◆ WHAT TO DO: In the records below, find the line with "060213 - Wales" and the line with "Potato sald with"; return exactly those lines and every line between them.

◆ EXTRACTED MATERIAL:
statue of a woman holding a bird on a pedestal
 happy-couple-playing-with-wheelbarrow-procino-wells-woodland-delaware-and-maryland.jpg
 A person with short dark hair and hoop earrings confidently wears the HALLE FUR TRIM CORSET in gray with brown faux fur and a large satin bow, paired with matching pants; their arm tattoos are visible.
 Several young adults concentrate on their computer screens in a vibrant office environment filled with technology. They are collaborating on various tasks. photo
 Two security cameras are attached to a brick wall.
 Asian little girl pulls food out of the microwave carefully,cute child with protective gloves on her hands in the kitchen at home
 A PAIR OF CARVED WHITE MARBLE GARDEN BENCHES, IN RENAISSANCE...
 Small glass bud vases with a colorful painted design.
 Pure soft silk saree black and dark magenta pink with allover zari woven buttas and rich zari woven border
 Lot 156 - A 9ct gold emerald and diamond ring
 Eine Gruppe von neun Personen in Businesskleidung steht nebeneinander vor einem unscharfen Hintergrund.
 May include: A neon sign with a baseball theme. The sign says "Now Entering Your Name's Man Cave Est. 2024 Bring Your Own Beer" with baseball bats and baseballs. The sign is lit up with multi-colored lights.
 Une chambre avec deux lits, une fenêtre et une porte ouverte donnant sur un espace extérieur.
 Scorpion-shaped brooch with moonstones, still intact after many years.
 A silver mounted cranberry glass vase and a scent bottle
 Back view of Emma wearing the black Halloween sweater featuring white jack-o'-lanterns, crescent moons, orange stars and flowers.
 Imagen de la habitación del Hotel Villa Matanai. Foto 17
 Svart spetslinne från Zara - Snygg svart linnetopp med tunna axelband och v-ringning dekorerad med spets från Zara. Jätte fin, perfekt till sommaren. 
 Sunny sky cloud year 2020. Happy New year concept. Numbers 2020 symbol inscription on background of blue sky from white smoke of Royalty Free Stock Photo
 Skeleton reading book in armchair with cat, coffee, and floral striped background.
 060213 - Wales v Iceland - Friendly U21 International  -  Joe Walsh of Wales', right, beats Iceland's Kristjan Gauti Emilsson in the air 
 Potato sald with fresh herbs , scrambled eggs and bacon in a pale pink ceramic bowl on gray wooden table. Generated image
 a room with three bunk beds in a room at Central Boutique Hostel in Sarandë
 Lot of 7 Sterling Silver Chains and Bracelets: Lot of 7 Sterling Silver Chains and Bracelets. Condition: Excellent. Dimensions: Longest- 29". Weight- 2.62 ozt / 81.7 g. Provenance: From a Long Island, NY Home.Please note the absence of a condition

◆ SOLUTION FOR THIS PROBLEM:
 060213 - Wales v Iceland - Friendly U21 International  -  Joe Walsh of Wales', right, beats Iceland's Kristjan Gauti Emilsson in the air 
 Potato sald with fresh herbs , scrambled eggs and bacon in a pale pink ceramic bowl on gray wooden table. Generated image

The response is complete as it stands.